Terminal 5 on the speed control switch goes to the controller board. When the lathe is powered up with the speed switch off (closed circuit), that applies 120v to the controller board terminal which in turn activates a latch circuit. I suspect the latch is one of the relays on the board, I can hear it click. Once it's latched it doesn't matter if the speed control switch is on, off or even disconnected from controller board, the speed control will start, stop and run the lathe.

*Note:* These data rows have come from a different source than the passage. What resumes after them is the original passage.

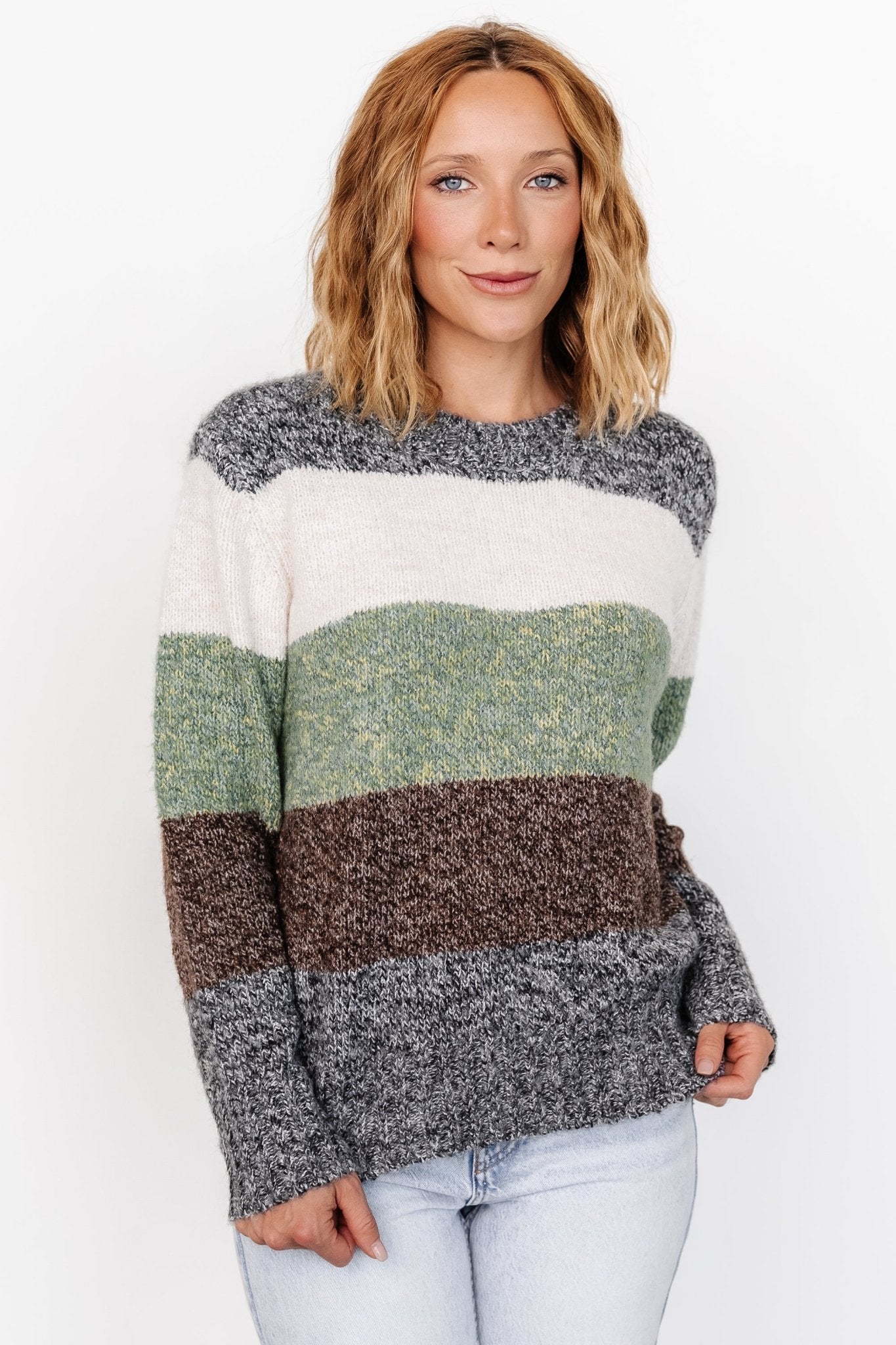 Color Block Sweater with Dropped Shoulder & Ribbed Cuffs | Ledger
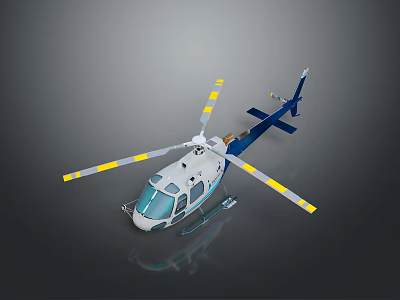 Blue And White Helicopter Model With Yellow Rotor Blades And Detailed Design 3d model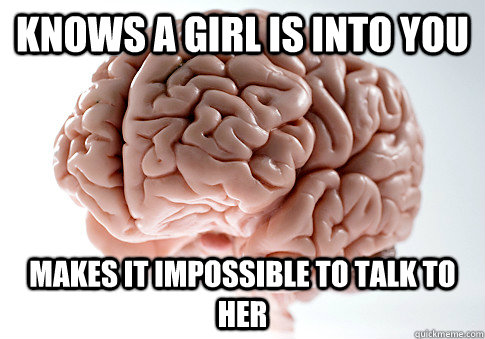 KNOWS A GIRL IS INTO YOU MAKES IT IMPOSSIBLE TO TALK TO HER  Scumbag Brain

So, the solution in this case is either a switch that, when on, applies 120v to the latch circuit, or just hard wire the latch to 120v. I'll probably wire it with a switch in case I miss the nanny.


----------



## markba633csi (Oct 28, 2022)

So essentially you can just short the two terminals together?  It never needs to see an open circuit?
Certainly a simple fix if that's the case- just put a clip lead like Barney from Mission Impossible LOL


----------



## dml66 (Oct 28, 2022)

markba633csi said:


> So essentially you can just short the two terminals together?  It never needs to see an open circuit?
> Certainly a simple fix if that's the case- just put a clip lead like Barney from Mission Impossible LOL


Yup, I shorted the two terminals for now, works just as I'd hoped it would . I figure it doesn't hurt to leave 120v on the latch circuit since that's the state it's mostly in anyway, when the lathe is off.

My only other concern is the duty cycle of the main on/off switch, it's going to see a lot more use than it did before.


----------



## markba633csi (Oct 28, 2022)

Well if it wears out just short that one too and use a power strip!   
If one short is good two must be better ha


----------